HDF5 vs. text file for storing data?

Discussion in 'Data Sets and Feeds' started by Batman28, Jan 29, 2009.

  1. I hear alot about using HDF5 for tick stoing data for back-testing etc. but is it not far simpler reading/writing to a simple .txt file? one can easily load data into memory for analysis and save data too, so the question is what are the advantages of HDF5 vs. normal text file?

    appreciate any serious input, thanks
     
  2. 377OHMS

    377OHMS

    HDF5 is a binary format, nice small files. Very good for huge data.

    Nothing wrong with Ascii files but HDF5 is more appropriate for really large data.
     
  3. could you pls elaborate? I mean how significant would this be in storing tick data, let's say 1 year 1min data?

    Also are there any functionality advantages?

    thanks
     
  4. 377OHMS

    377OHMS

    Well, the files read into Matlab with just a few lines of code and read in almost instantaneously. Some of my ascii processes can take a minute or two to open large files (~750Meg).

    HDF5 files are easier to amend as each entry is a field with attributes. Changing a few rows in an ascii file using Matlab is difficult and usually people resort to perlscript if they are autonomously amending large ascii data files.

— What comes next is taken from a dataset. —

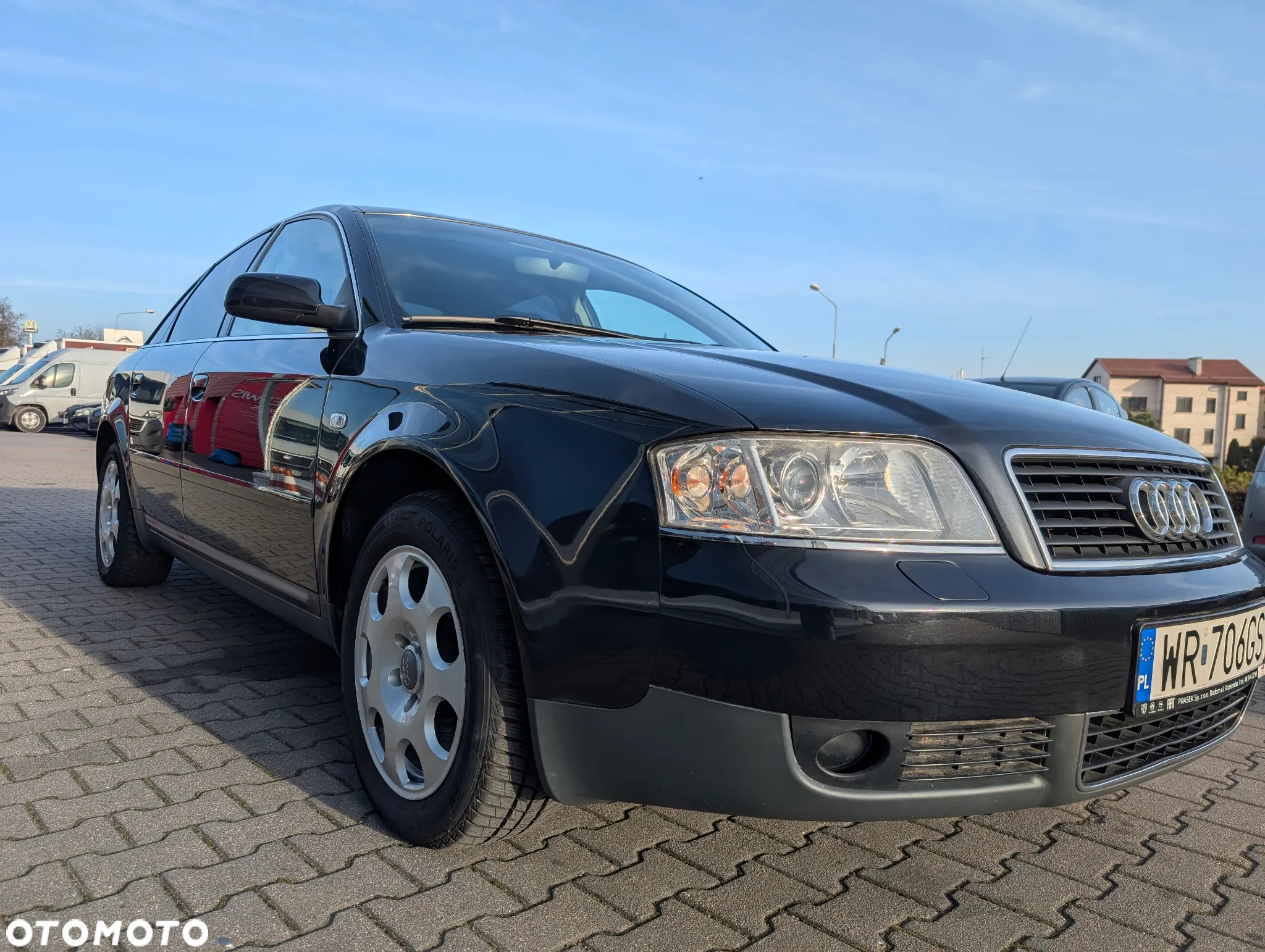 Audi A6 - 8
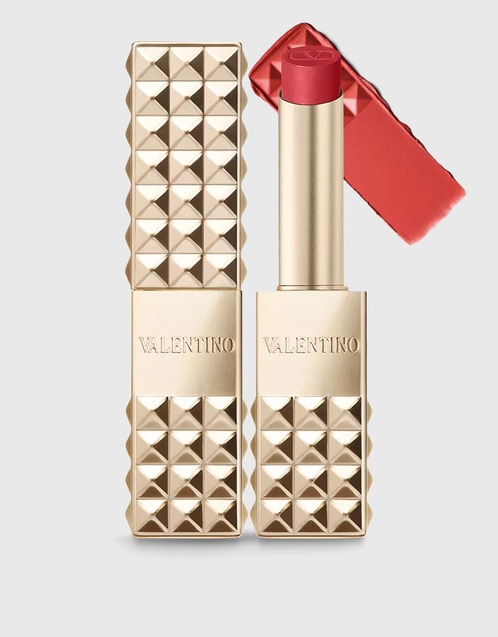 Valentino Beauty Spike Matte リップスティック-410A On Top Of The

    Dunno, thats all I can think of right now cause I just woke up. :D

    Just search google for hdf5 and you'll see some good format descriptions. You might also consider SQL as an alternative. Nice to be able to query into the data from automated processes.
     
  5. erdewit

    erdewit

    I've played with HDF5 through it's Python
    bindings (called PyTables) and found it to be
    unsuitable for a tick database.

    First of all, it is slower then just working with
    regular files.

    Second, the HDF5 database is one huge file that
    is easily corruptible. For example, if you accidently
    let two processes have write access to
    the database then it will become corrupted.
    Repairing didn't always work for me so then all
    data would be lost.

    Third, HDF5 is a hierarchical database where
    objects are retrieved via a path-like key. This is
    the same as with a regular filesystem and offers
    no advantage whatsoever over a just a plain
    regular filesystem.

    The only usecase for HDF5 is when working with
    datasets that are too large to fit into memory.
    Tick data does not fall into this catagory.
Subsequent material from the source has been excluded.